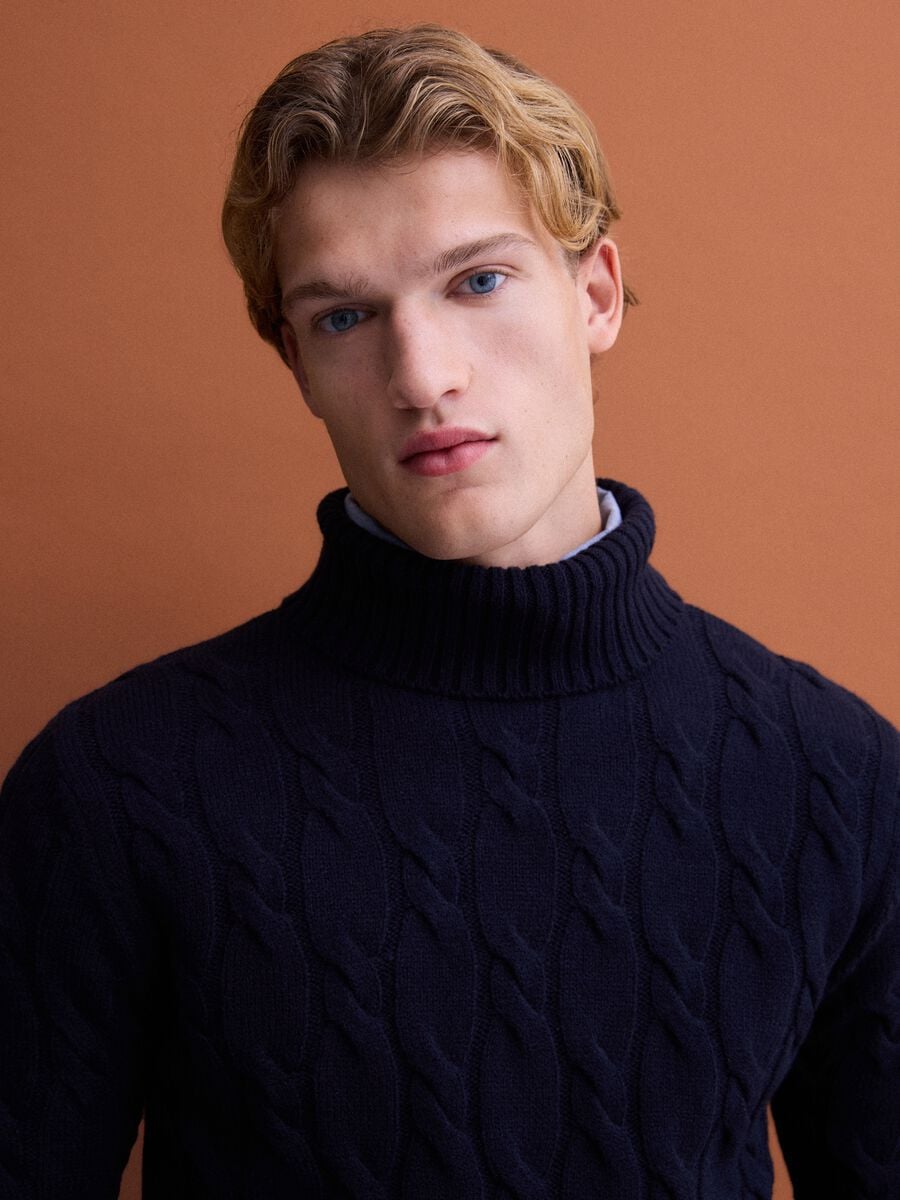 Maglia blu navy in misto lana a trecce con dolcevita regular fit_2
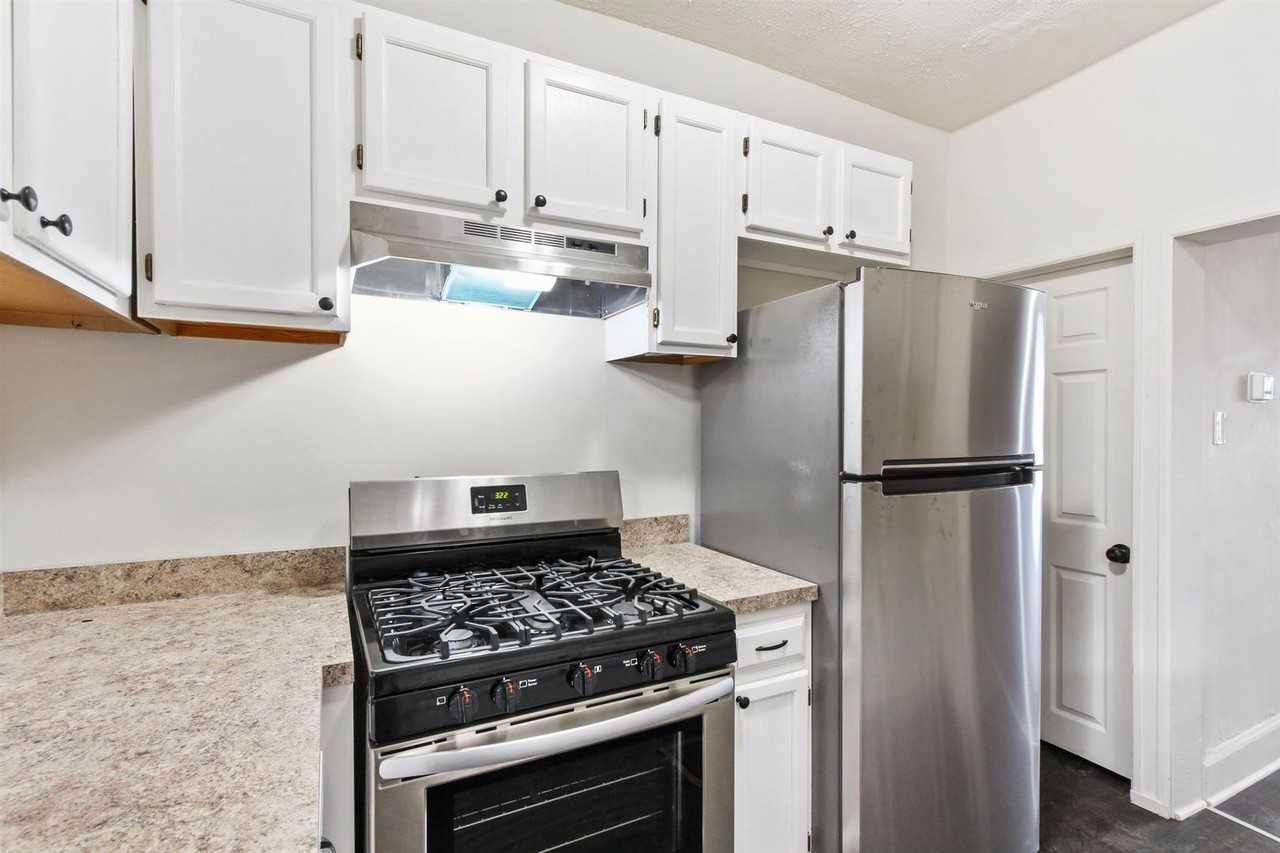 916 May St - Photo 6 of 21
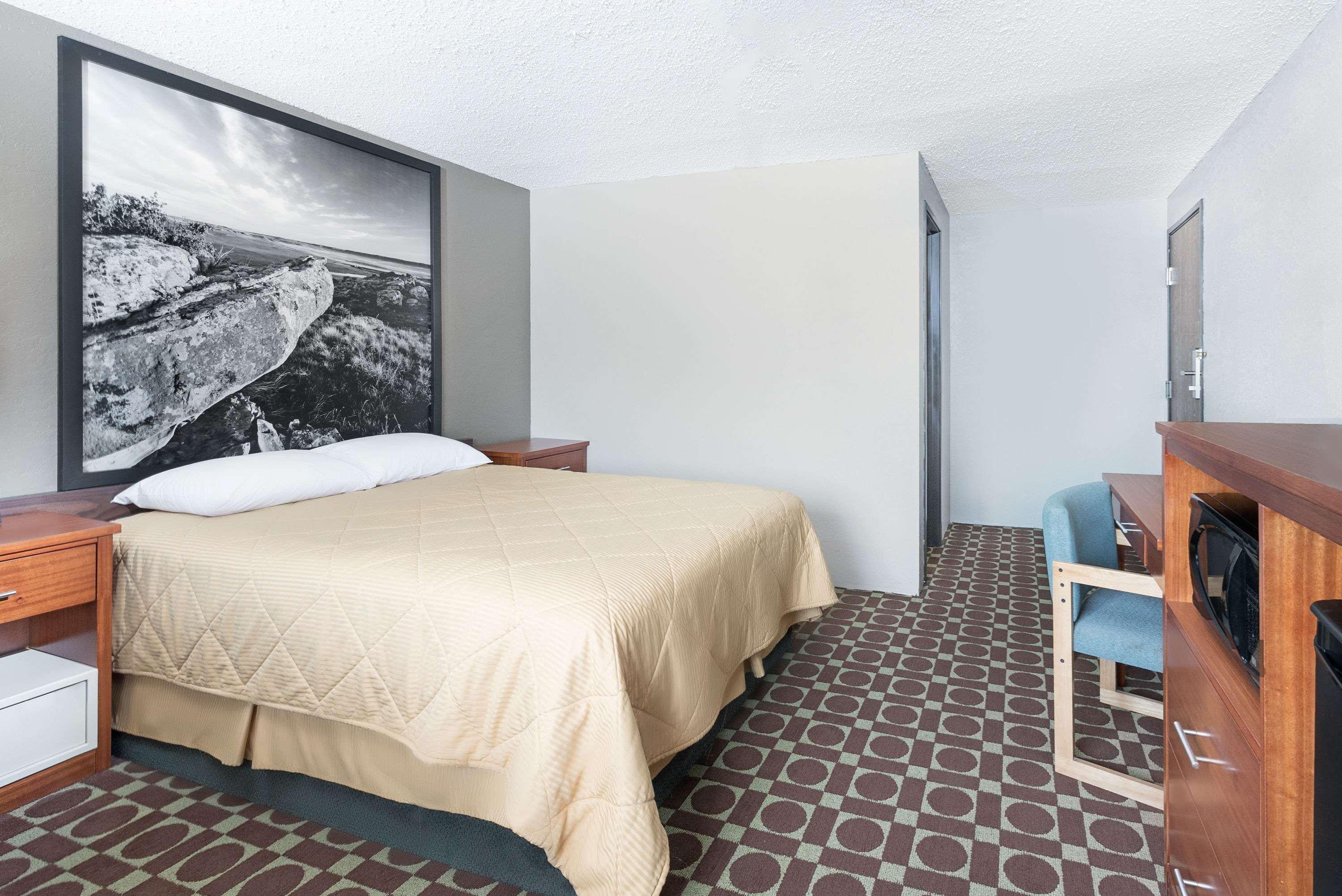 Super 8 By Wyndham Miles City Extérieur photo
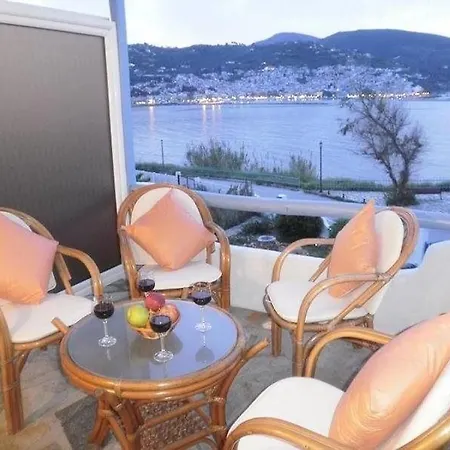 Karavos Sea View 公寓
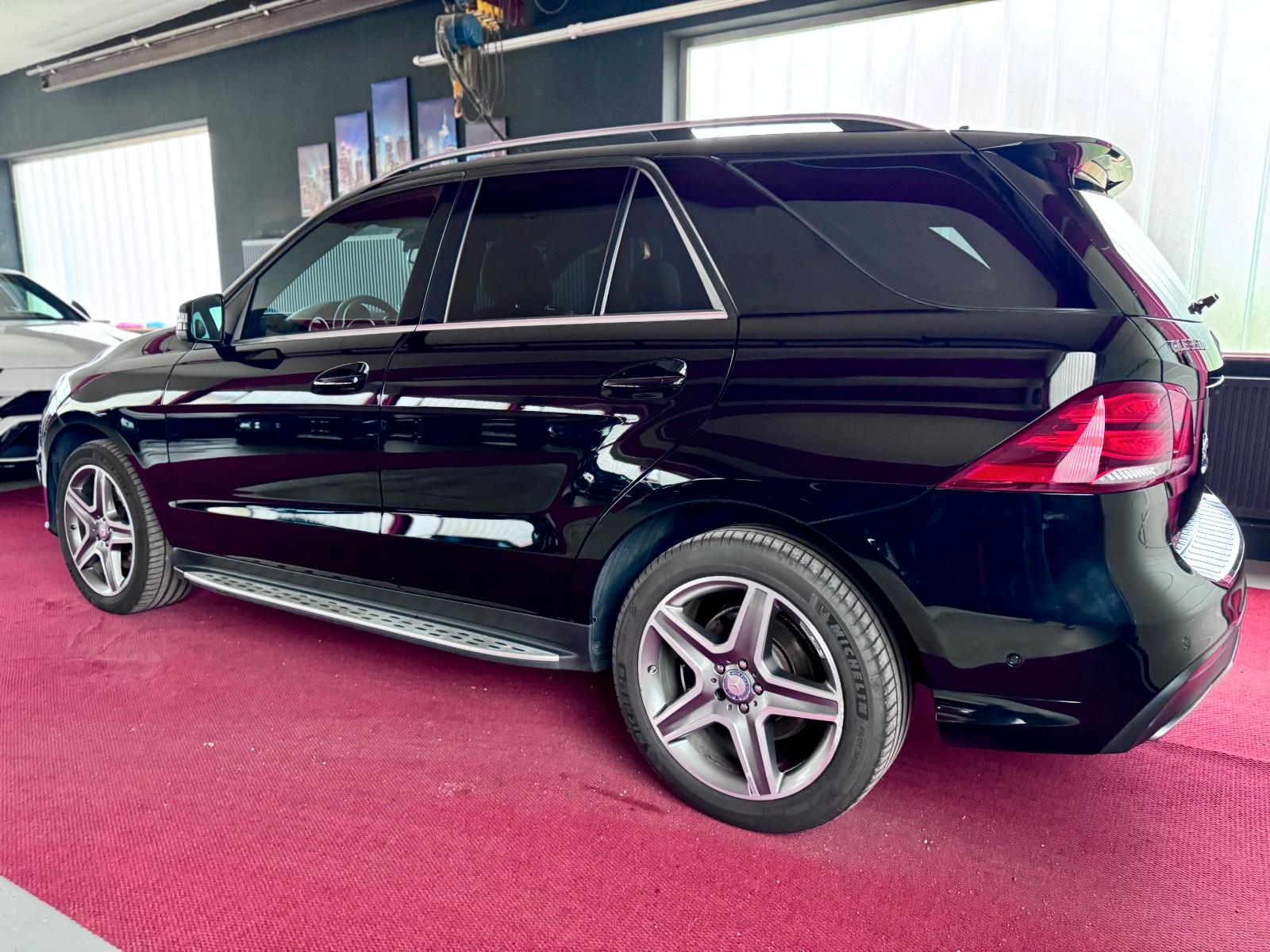 Mercedes-Benz GLE350d 3x AMG AHK 360°Airmatic 4Matic Comand 20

————————

_What the exercise asks_. Retype all entries above verbatim; no pictures belong in the copy.

_Solution_.
 Maglia blu navy in misto lana a trecce con dolcevita regular fit_2
 916 May St - Photo 6 of 21
 Super 8 By Wyndham Miles City Extérieur photo
 Karavos Sea View 公寓
 Mercedes-Benz GLE350d 3x AMG AHK 360°Airmatic 4Matic Comand 20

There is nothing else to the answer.